O cantor Ricardo Nêggo Tom, apoiador de Lula, publicou um artigo em que reprova as tentativas do PT de se aproximar dos evangélicos brasileiros, afirmando que “não há diálogo” com quem se opõe à esquerda e que o esforço é “perda de tempo e saúde mental”.
Nêggo Tom, que escreve artigos para o portal Brasil 247, diz que os evangélicos têm “uma doutrina absolutista”, o que impede as tentativas de conversão à ideologia de esquerda: “Precisamos entender que onde há dogma não há propensão ao diálogo, nem ao raciocínio a respeito de ideologias ou visões de mundo que possam colocar tal dogma em questionamento”.
A doutrina bíblica, que guia os evangélicos, é um preceito visto pela própria esquerda como uma barreira intransponível: “Se opõe a toda e qualquer ideia de desconstrução de padrões sociais, contribuindo para perpetuação de estereótipos”, pontua Nêggo Tom.
A solução proposta pelo apoiador de Lula é a mesma que Gilberto Carvalho, antigo homem forte do PT, sugeriu há mais de uma década: “disputar a narrativa” sobre o papel da religião.
“A partir disto, o mais que podemos fazer com relação ao projeto de poder neopentecostal, que pretende estabelecer um Estado evangélico de direito no país, é disputar com eles a narrativa evangélica que Jesus Cristo deixou. Mas isso não é diálogo”, insiste.
Expressando sua repulsa às doutrinas bíblicas que reprovam a homossexualidade, o autor do artigo aproveita para deixar implícita ao segmento evangélico uma acusação de racismo ao afirmar que as igrejas agem para “‘converter’ à branquitude cristã” os negros do país.
Os evangélicos, diz Nêggo Tom, têm “dogmas que em suas manipuladas concepções colocam a esquerda como inimiga de Deus e dos cristãos”, reitera. “Se Lula e a esquerda pretendem convencer os evangélicos de que não é nada disso, vamos perder tempo e saúde mental”.
No passado, Lula já se comparou a Jesus Cristo, e essa insensatez inspira seus seguidores mais fanáticos até hoje, como Nêggo Tom evidencia: “Jesus Cristo é um grande exemplo dessa perda de tempo. Mesmo ele tendo ensinado o bem, o amor, a paz, a inclusão social, a partilha do pão, a tolerância e o respeito, foi morto com o voto daqueles que se beneficiaram de suas ‘políticas públicas’, sob a alegação de que era um perigoso subversivo que ameaçava a lei, os costumes e os dogmas. Lula está muito longe de ser Jesus, mas também já experimentou a ingratidão por parte daqueles a quem um dia ajudou com suas políticas públicas, entre os quais muitos evangélicos, que foram convencidos de que ele era um corrupto que ameaçava os bons costumes e apoiaram a sua prisão”.

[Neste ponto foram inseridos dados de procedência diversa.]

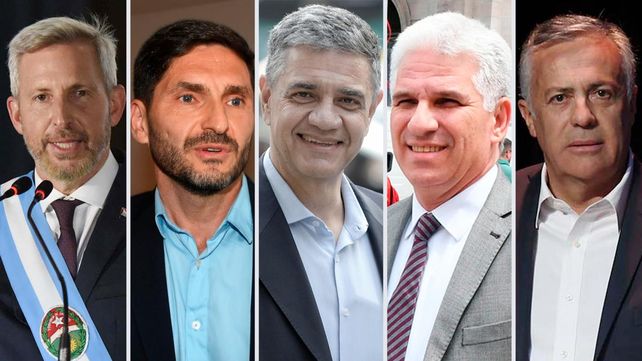 Los gobernadores de Juntos por el Cambio fueron fustigados por Milei. 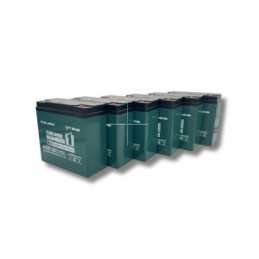 PACK 6 BATERIAS 12V-20AMP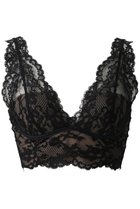 【ユエ/Yue】の(C70～)リバーレース ノンワイヤーブラ ブラック|ID: prp329100004320326 ipo3291000000035927782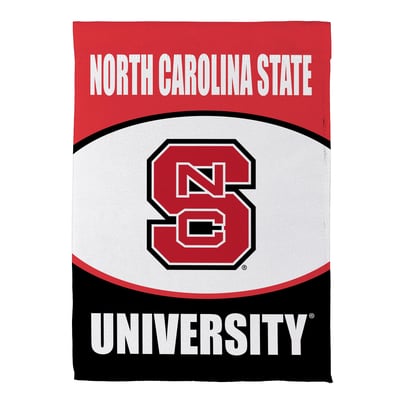  NC State Wolfpack 12.5" x 28" Scoped Logo Double-Sided Suede Garden Flag
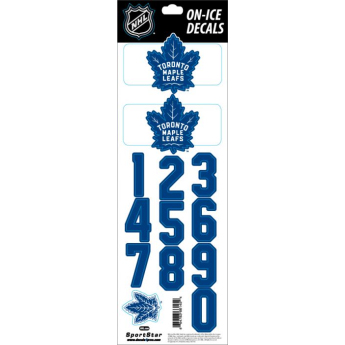 Toronto Maple Leafs abțibilduri pentru cască Decals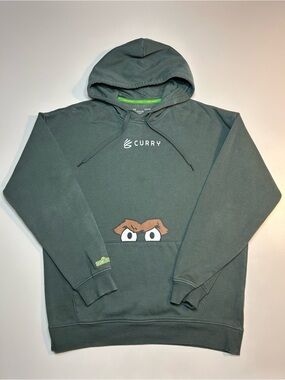 Under Armour Curry x Sesame Street Oscar The Grouch Hoodie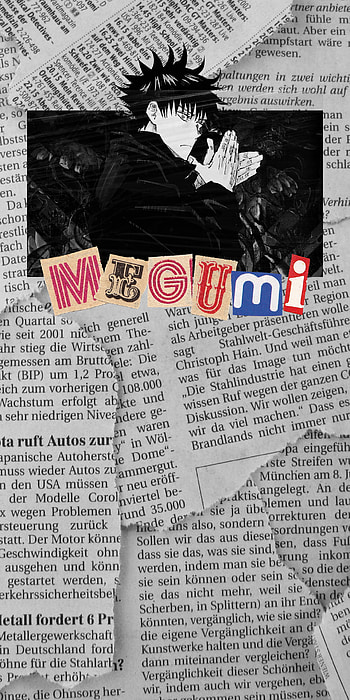 Jujutsu Kaisen - Megumi Fushiguro, Megumi Fushiguro, Anime, Jujutsu Kaisen HD phone wallpaper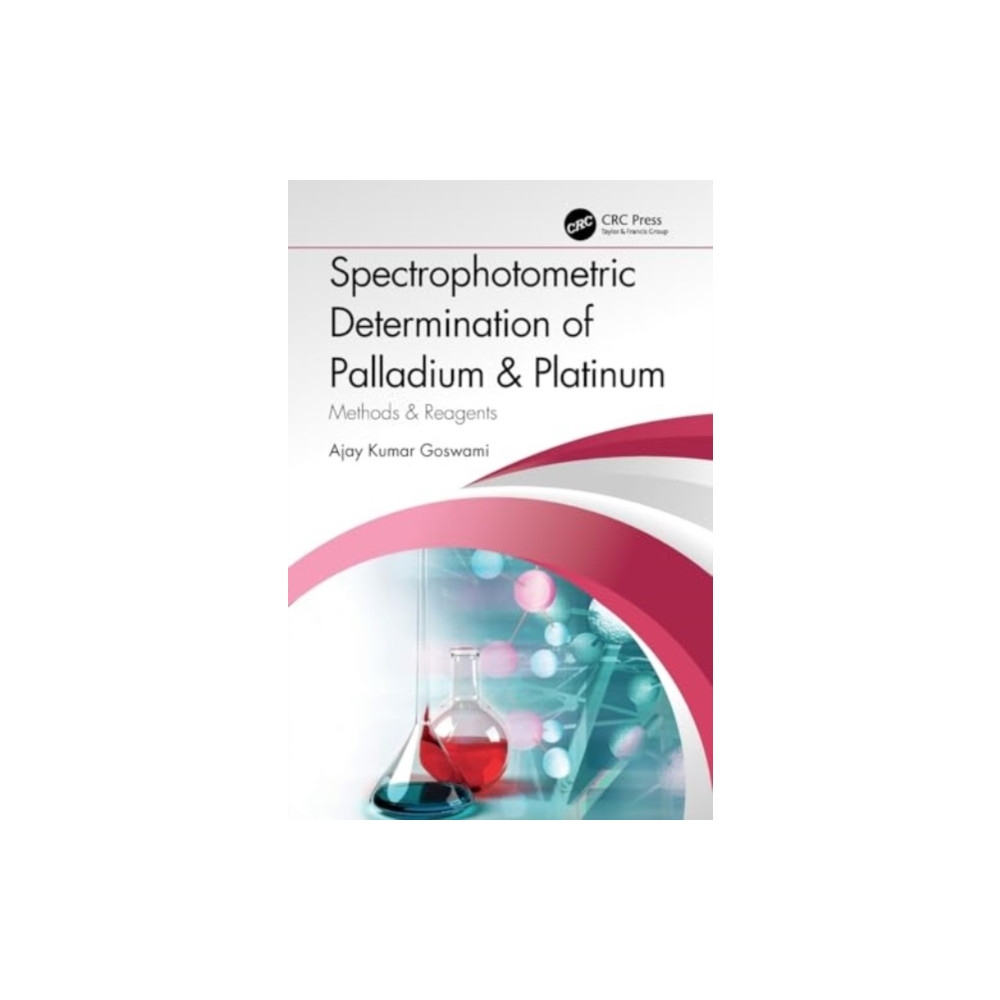 Produktbild för Spectrophotometric Determination of Palladium & Platinum (häftad, eng)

A tentativa de equivalência entre o filho de Deus e o político de carreira que cumpriu pena de prisão continua: “Os principais inimigos de Lula hoje no país, são os mesmos inimigos de Jesus em sua época”.
Ao final de seu artigo, o autor demonstra sua intolerância com o segmento religioso que será maioria no país em poucos anos, dizendo que a liberdade religiosa no país resulta na “proliferação nada positiva de igrejas neopentecostais sob a benção da isenção tributária e a permissividade de se colocarem acima da laicidade do Estado”, indicando seu desejo de cobrar impostos sobre as ofertas voluntárias dos cristãos.
PCO
A intolerância do articulista foi notada pelo Partido da Causa Operária (PCO), um dos mais radicais grupos de defesa da ideologia de esquerda no pais. A legenda publicou uma nota em seu site repudiando as afirmações de Nêggo Tom:
“A esmagadora maior dos 70 milhões dos evangélicos não são ‘inimigos ideológicos’. São parte da classe trabalhadora, pessoas que, pela ausência de iniciativa da esquerda, acabam sendo cooptadas parcialmente pela extrema-direita. Isso não significa, no entanto, que estejam dispostas a pegar em armas contra o ‘comunismo petista’, nem que as condições materiais, como emprego, moradia e fome, estejam acima de qualquer dogma”, ponderou.